Stored entries
━━━━━━━━

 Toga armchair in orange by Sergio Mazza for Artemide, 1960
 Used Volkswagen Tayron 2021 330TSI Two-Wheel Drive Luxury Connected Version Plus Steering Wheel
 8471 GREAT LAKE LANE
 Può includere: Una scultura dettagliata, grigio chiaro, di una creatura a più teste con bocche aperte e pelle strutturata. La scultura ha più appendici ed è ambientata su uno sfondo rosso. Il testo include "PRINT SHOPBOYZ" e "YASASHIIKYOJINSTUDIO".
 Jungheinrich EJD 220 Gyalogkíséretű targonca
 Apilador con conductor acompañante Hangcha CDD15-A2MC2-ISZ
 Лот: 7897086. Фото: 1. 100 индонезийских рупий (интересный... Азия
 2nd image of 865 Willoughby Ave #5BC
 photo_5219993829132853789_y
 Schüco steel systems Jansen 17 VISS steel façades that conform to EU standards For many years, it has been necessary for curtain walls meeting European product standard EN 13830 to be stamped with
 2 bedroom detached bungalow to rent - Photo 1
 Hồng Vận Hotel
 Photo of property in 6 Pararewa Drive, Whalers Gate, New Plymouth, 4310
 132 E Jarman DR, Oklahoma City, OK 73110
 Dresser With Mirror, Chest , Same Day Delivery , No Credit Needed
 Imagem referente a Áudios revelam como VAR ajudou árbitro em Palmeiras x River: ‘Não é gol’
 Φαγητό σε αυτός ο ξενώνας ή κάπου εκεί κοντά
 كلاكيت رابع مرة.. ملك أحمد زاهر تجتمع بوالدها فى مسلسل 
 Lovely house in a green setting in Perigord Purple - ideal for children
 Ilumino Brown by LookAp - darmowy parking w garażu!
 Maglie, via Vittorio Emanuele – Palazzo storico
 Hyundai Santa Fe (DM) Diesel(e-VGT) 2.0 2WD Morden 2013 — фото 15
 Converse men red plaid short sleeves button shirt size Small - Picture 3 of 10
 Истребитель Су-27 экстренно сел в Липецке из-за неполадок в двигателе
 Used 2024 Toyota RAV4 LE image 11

━━━━━━━━

Working through the data above, find every line holding "Used" and copy it.

» **WRITTEN ANSWER**
 Used Volkswagen Tayron 2021 330TSI Two-Wheel Drive Luxury Connected Version Plus Steering Wheel
 Used 2024 Toyota RAV4 LE image 11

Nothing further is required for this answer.